Those have been the goalposts all along. I didn't say anything about getting "shouted off topics." I just said it involves more headaches than I feel it ought to. (Clearly some people like mjn and yourself haven't had that experience, and I'm glad, but that doesn't take the bad taste out of the mouths of people who have.)
There were no sources on the original _why article. Sources were added because they had to be. It doesn't mean anything to say "the article would have been deleted if sources hadn't been added"; you can say that about any article in the whole encyclopedia.
If the "fight" we're talking about here is (a) one simple sentence stating why the subject is notable and (b) a couple of links, I'm not sure "fight" is the right term.
I guess I haven't actually found that to be true, despite editing in many niches. Sure, sometimes stuff gets shuffled around, but that's okay too: I want people to improve on my work, which sometimes means moving it elsewhere, splitting it up, whatever. I don't feel the need to "own" the articles I write. If anything, I want more people to do so! I've written articles that are 100% untouched years later even though I know they are not really "done", and someone could improve them. It can be quite nice when someone comes by and tidies up a rough draft: fixes some spelling, adds an infobox and geographical coordinates, rearranges my text-dump into some nice sections, formats my citations nicely and adds ISBNs and DOIs to them, etc.
The people I've seen run into problems most often are either in political hot-button areas, or have too close connection to a subject: someone writing an article on their own programming language, on their own academic contributions, their own company, or that of someone/something they have a close relationship to. If anything, that kind of CoI editing is still rather laxly tolerated, rather than too strongly policed. I know of at least one university that actually has paid staff writing puff pieces on their professors, and most of them are sadly still there, untouched, because there honestly isn't that much close scrutiny.
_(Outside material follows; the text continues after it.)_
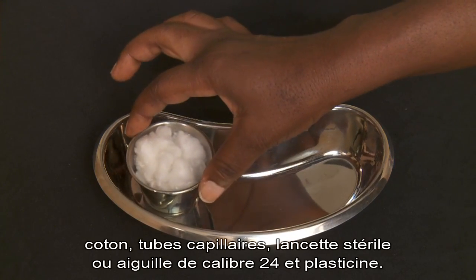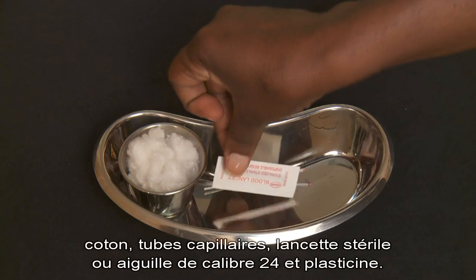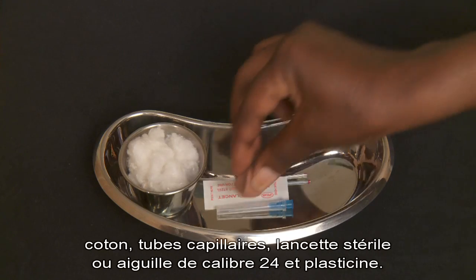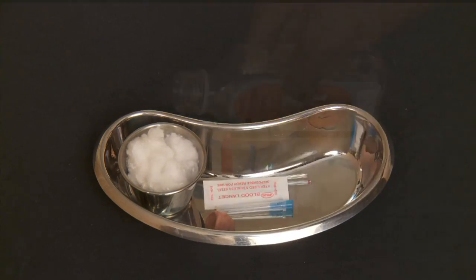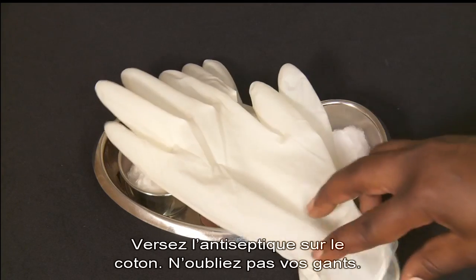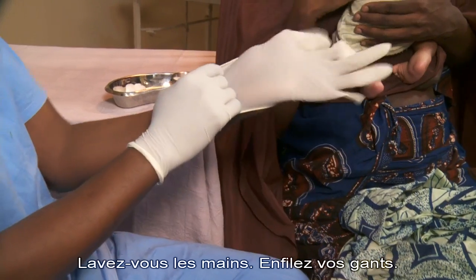Cotton swabs, capillary tubes, a sterile lancet or 24-gauge needle, and plasticine. Pour antiseptic on the cotton and remember your gloves. Wash your hands and put on the gloves.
Imo experiences are much better if you start from the perspective of wanting to improve the encyclopedia, rather than from the perspective of wanting to get a particular thing into it and then maintain/defend that article. The way I usually work: start with a good source I have no personal connection to, and write articles based on it (and citing it!). For example, pick up Knuth's TAOCP, find some interesting subjects it discusses that are not yet covered in Wikipedia, and write a well-cited article. There are >99% odds that people are going to be happy with that kind of contribution, not try to delete it. I've recently been doing that with some books on archaeological sites, and I've gotten only positive comments about it; people are generally happy that I'm filling in articles on important sites that Wikipedia still lacks articles on, and that I'm doing so with references to good scholarly literature on them.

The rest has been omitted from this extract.